In January 2010, the Bank filed an action to foreclosure the mortgage based on the borrowers’ default. In its amended complaint, filed in November 2010, the Bank alleged that the Lender was the owner of the note and that the Bank was the servicer of same. The Bank attached copies of the mortgage and the electronic note to the amended complaint. On the last page of the electronic note, it listed time-stamped electronic signatures of the borrowers.
In June 2013, the Bank filed an "E-Note Certificate of Authentication," in which the Bank’s assistant vice president stated that the Bank was acting as the servicer for the Lender, and as such, the Bank maintained a copy of the borrowers' electronic note on the Lender’s behalf. The certificate also stated that the Bank’s electronic record system stored and maintained the note as it was originally executed and transmitted and that such system had encryption controls in place to protect the note against alteration. Along with a copy of the electronic note, also attached was a document from MERS showing that the Bank had electronic possession of the note.

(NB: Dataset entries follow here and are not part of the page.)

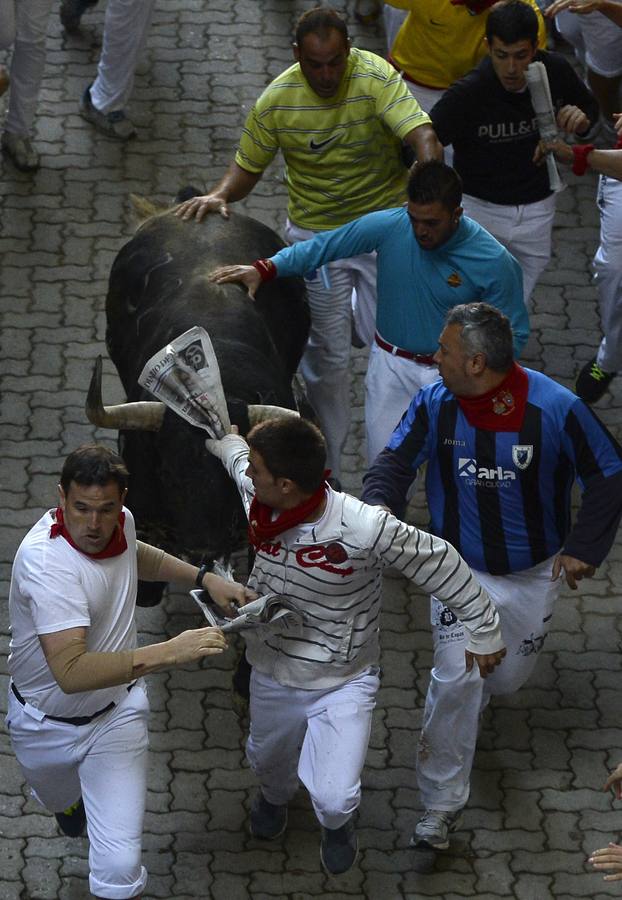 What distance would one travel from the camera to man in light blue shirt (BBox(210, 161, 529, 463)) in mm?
6680

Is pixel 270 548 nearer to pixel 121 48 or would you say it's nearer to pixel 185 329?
pixel 185 329

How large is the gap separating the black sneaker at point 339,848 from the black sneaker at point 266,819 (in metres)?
0.37

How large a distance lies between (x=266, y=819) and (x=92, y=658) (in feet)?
5.10

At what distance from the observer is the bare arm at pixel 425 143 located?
7430 mm

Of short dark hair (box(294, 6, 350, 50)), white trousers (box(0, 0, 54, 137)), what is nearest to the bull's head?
short dark hair (box(294, 6, 350, 50))

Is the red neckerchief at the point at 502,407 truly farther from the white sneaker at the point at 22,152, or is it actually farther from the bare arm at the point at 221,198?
the white sneaker at the point at 22,152

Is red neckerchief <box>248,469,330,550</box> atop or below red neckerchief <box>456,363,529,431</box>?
below

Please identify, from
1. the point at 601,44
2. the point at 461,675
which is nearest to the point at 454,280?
the point at 461,675

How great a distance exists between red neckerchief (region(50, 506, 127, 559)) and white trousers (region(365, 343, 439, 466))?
2132 millimetres

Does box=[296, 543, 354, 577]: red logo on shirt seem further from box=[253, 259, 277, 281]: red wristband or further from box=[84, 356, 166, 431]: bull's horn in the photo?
box=[253, 259, 277, 281]: red wristband

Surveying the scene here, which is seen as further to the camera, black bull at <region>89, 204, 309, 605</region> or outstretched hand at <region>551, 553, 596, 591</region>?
black bull at <region>89, 204, 309, 605</region>

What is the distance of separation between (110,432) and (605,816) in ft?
12.0

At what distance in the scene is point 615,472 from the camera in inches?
229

In October 2013, the borrowers answered the Bank’s amended complaint and alleged that the Bank lacked standing because the Bank failed to allege how or why the Bank became the owner and holder of the note and mortgage. The borrowers also claimed there was "lack of authenticity and/or validity of any signatures or endorsements on the Note . . . pursuant to Florida Statute 673.3081." The trial court, however, found no merit in the borrowers’ arguments and entered a final judgment of foreclosure in favor of the Bank. The borrowers appealed.

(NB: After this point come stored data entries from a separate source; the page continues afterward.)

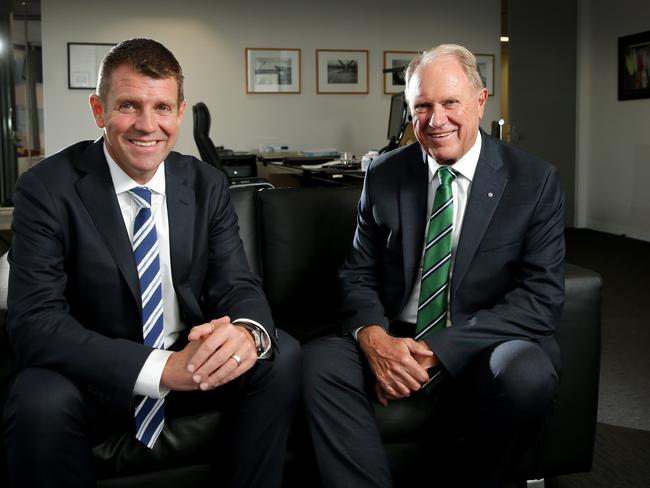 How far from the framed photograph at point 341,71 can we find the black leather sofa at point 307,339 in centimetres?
559

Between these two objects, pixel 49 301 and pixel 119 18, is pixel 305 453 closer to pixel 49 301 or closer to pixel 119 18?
pixel 49 301

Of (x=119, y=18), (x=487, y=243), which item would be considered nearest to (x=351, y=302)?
(x=487, y=243)

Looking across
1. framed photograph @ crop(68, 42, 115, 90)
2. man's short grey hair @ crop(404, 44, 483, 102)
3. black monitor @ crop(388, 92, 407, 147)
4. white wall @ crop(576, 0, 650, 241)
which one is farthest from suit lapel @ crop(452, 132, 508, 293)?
framed photograph @ crop(68, 42, 115, 90)

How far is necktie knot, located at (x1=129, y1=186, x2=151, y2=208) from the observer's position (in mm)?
1790

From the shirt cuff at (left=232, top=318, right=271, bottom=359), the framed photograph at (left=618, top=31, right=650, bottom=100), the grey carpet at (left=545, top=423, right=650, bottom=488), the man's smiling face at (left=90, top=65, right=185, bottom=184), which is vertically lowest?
the grey carpet at (left=545, top=423, right=650, bottom=488)

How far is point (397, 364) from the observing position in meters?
1.77

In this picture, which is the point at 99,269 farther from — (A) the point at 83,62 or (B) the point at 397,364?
(A) the point at 83,62

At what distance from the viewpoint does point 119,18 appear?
7344 millimetres

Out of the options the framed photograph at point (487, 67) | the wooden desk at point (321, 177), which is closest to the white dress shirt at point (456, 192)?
the wooden desk at point (321, 177)

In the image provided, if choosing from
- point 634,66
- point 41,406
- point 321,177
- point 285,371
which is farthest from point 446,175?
point 634,66

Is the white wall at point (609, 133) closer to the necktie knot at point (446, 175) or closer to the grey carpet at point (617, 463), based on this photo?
the grey carpet at point (617, 463)

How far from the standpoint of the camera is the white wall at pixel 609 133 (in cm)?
694

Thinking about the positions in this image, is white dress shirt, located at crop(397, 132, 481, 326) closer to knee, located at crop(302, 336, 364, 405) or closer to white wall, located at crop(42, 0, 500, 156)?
knee, located at crop(302, 336, 364, 405)

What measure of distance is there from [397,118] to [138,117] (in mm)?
3777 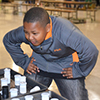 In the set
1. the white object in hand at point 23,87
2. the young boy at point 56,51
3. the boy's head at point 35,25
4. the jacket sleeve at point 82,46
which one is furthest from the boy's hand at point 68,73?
the white object in hand at point 23,87

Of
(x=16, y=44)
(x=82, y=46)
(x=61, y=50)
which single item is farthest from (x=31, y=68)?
(x=82, y=46)

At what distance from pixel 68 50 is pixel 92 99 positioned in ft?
3.26

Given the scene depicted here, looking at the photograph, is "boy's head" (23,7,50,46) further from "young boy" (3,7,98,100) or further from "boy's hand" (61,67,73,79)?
"boy's hand" (61,67,73,79)

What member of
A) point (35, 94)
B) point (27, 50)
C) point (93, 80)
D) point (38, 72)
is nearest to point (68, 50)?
point (38, 72)

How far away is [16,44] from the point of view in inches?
91.3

On appeal, the District Court of Appeal affirmed the trial court’s decision, holding that the electronic note was valid, and allowed the Bank to foreclose on the mortgage, relying on Florida Statute 668.50, the Uniform Electronic Transactions Act (the Act). The court determined that on its face, the electronic note was a "transferable record" because: (1) it was an electronic record that would be a note under Chapter 673 of the Florida Statutes if it was in writing; and (2) the borrowers expressly agreed in the note that the note "may be Authenticated, Stored and Transmitted by Electronic Means . . . and will be valid for all legal purposes . . ." The Bank also adequately proved that the Lender had control of the electronic note by showing that the Bank used a system "reliably establishing [Lender] as the entity to which the e-note was transferred." Lastly, the Bank’s evidence further satisfied the requirements under the Act by demonstrating that the Bank stored the electronic note in such a way that there was only a single authoritative copy of the note, which was unique, identifiable and unalterable.

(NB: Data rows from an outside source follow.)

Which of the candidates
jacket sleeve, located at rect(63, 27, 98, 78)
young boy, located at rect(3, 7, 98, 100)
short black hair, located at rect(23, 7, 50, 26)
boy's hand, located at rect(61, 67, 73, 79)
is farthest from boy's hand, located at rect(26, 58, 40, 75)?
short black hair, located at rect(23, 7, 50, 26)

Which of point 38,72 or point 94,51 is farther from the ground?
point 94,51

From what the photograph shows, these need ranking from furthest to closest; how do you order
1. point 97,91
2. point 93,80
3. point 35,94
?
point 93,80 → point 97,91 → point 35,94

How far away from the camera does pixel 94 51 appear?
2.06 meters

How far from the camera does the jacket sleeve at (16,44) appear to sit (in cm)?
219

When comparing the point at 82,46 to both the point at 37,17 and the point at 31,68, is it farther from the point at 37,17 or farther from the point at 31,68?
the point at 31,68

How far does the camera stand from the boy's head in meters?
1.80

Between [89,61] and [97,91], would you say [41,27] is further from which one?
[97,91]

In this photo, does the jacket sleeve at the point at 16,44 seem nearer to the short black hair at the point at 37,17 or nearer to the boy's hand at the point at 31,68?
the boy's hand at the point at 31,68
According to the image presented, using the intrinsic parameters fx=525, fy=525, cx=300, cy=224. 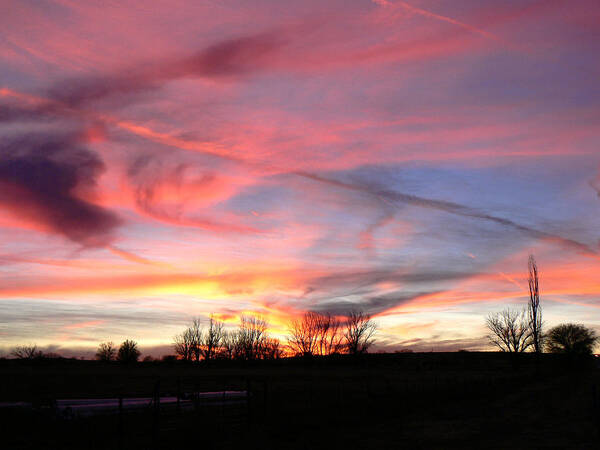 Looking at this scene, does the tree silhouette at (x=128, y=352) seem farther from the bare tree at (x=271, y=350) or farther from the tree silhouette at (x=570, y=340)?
the tree silhouette at (x=570, y=340)

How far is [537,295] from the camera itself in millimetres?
89250

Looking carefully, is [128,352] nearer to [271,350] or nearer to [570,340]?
[271,350]

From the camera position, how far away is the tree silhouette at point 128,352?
127m

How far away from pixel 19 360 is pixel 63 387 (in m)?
59.2

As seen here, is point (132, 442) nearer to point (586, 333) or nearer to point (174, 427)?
point (174, 427)

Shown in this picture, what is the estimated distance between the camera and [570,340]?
11212cm

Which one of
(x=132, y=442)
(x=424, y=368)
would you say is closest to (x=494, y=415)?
(x=132, y=442)

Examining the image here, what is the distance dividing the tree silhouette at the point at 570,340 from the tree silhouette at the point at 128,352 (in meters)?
95.2

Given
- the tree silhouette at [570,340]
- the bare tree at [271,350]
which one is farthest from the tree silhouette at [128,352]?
the tree silhouette at [570,340]

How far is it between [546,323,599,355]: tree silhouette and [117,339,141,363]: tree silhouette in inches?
3750

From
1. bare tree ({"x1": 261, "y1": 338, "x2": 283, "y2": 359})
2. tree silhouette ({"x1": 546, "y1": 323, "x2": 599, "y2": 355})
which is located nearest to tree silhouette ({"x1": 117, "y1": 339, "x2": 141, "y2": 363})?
bare tree ({"x1": 261, "y1": 338, "x2": 283, "y2": 359})

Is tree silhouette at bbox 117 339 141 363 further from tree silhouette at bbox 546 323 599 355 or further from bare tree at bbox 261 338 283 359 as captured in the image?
tree silhouette at bbox 546 323 599 355

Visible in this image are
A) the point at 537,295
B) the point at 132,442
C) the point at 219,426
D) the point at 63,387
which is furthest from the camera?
the point at 537,295

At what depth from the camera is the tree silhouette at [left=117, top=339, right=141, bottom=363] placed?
417 feet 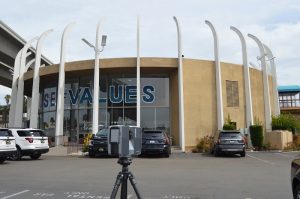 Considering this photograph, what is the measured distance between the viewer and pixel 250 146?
28.4 meters

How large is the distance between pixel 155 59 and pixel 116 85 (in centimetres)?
406

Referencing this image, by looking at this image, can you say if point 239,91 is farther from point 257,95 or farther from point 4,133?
point 4,133

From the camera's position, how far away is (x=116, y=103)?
100 ft

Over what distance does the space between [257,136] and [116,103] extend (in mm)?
10926

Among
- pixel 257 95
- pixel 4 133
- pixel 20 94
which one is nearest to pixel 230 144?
pixel 257 95

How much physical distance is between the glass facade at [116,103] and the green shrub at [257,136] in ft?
20.9

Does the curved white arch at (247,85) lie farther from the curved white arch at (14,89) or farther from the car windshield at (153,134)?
the curved white arch at (14,89)

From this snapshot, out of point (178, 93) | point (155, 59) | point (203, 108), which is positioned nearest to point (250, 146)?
point (203, 108)

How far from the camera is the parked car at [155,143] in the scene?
71.3 feet

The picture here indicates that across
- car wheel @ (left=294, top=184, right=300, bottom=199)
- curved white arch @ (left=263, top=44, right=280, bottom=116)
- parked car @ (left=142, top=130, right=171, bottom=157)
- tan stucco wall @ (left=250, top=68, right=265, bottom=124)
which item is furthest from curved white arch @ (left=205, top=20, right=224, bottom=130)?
car wheel @ (left=294, top=184, right=300, bottom=199)

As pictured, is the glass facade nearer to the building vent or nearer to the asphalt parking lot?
the building vent

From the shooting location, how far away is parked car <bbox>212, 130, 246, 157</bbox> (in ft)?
73.1

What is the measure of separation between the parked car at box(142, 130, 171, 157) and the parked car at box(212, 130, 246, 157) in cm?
306

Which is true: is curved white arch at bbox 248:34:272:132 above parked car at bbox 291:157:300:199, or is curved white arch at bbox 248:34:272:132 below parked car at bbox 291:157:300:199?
above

Original electronic documents should not be automatically questioned for lack of validity. Those that are properly electronically signed, stored and authenticated in accordance with the requirements of the Act may be just as valid as original paper documents. While many lenders still require original signed documents, lenders and borrowers should be aware of the validity of electronically signed documents as long as the requirements of the Act are strictly followed.